##### GIVEN RECORDS

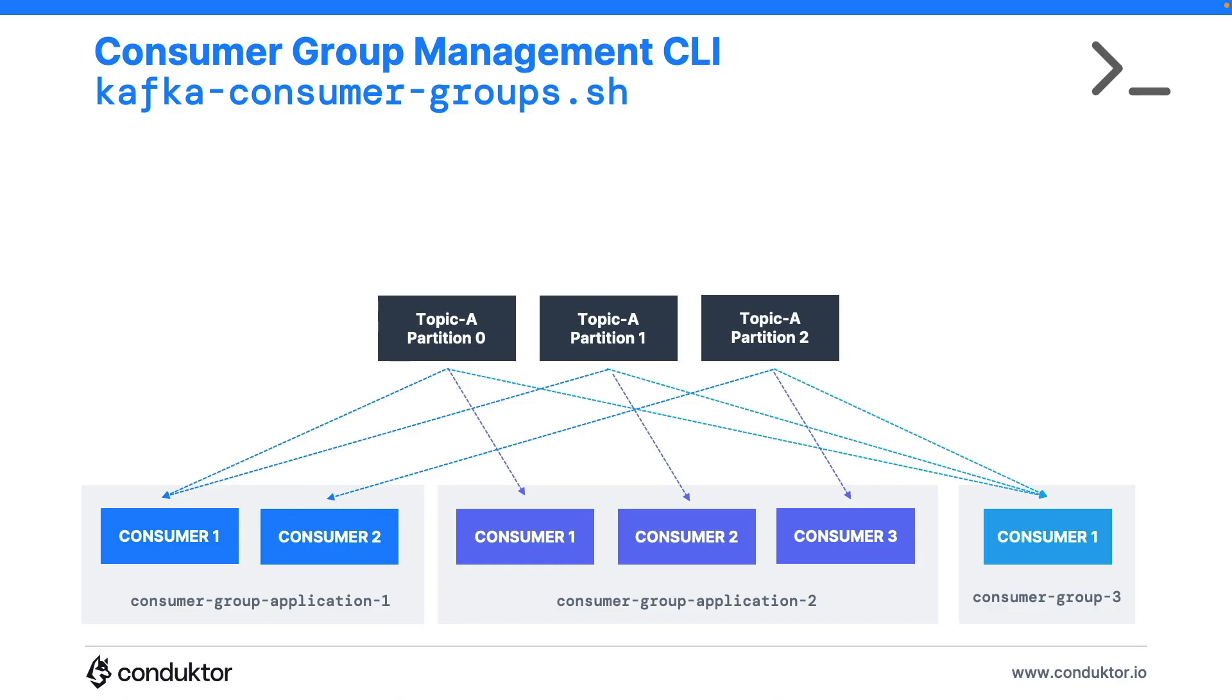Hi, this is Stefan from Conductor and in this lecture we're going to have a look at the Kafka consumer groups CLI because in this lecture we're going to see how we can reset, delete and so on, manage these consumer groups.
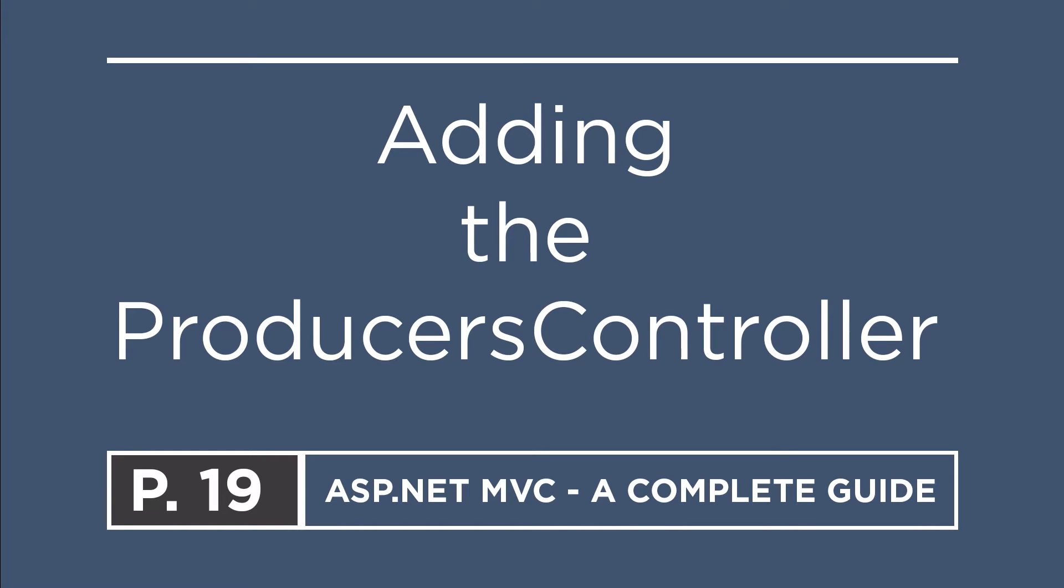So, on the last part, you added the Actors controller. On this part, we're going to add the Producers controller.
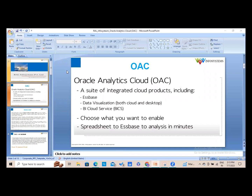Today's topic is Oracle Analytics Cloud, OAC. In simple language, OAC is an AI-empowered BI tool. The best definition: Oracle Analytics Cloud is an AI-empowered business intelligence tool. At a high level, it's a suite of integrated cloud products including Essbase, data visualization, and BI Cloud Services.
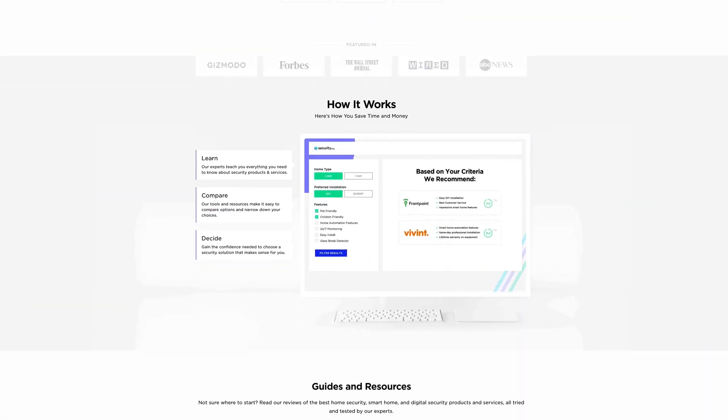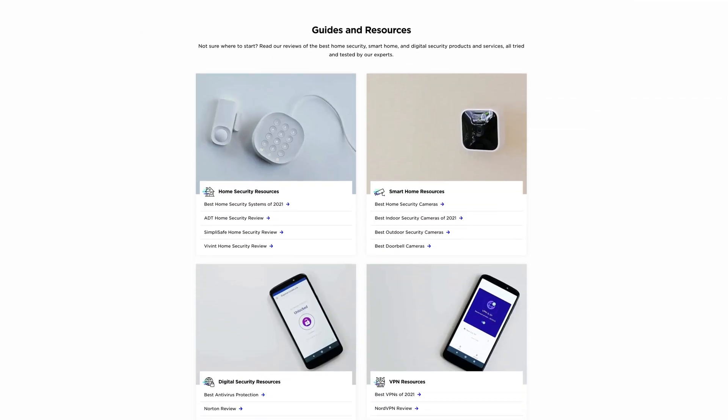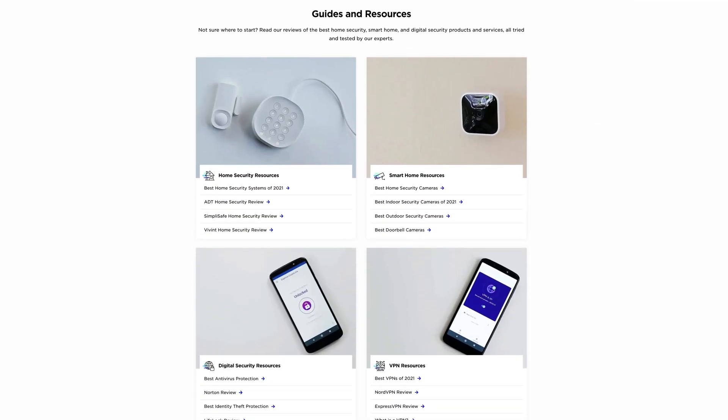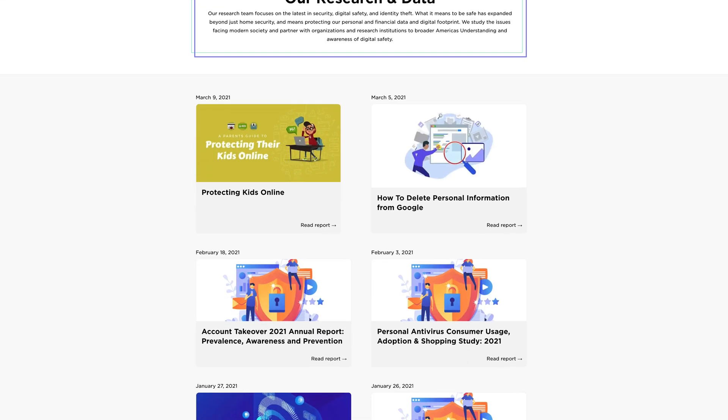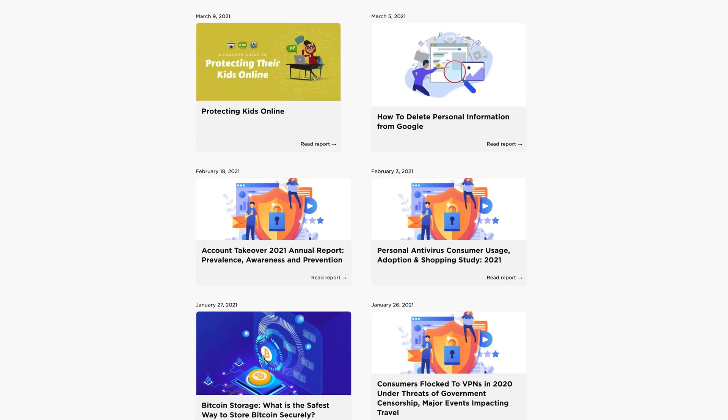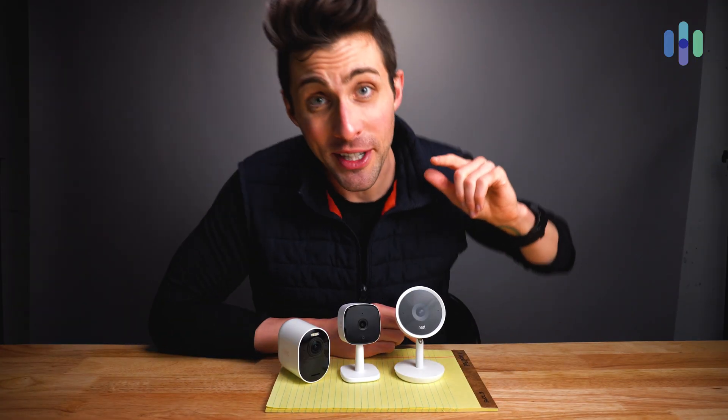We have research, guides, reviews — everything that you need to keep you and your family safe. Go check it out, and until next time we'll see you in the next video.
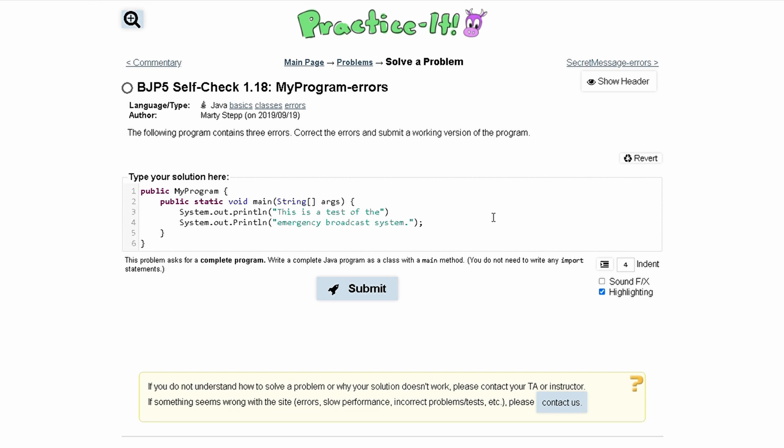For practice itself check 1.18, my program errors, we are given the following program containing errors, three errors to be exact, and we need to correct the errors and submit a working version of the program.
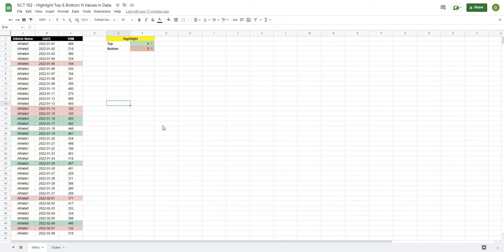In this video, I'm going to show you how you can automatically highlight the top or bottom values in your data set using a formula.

##########

■ BRIEF: From the line with "For practice itself" through the final line of the data above, copy everything exactly, both ends included, but not the pictures.

■ SOLUTION TO THIS PROBLEM:
For practice itself check 1.18, my program errors, we are given the following program containing errors, three errors to be exact, and we need to correct the errors and submit a working version of the program.
In this video, I'm going to show you how you can automatically highlight the top or bottom values in your data set using a formula.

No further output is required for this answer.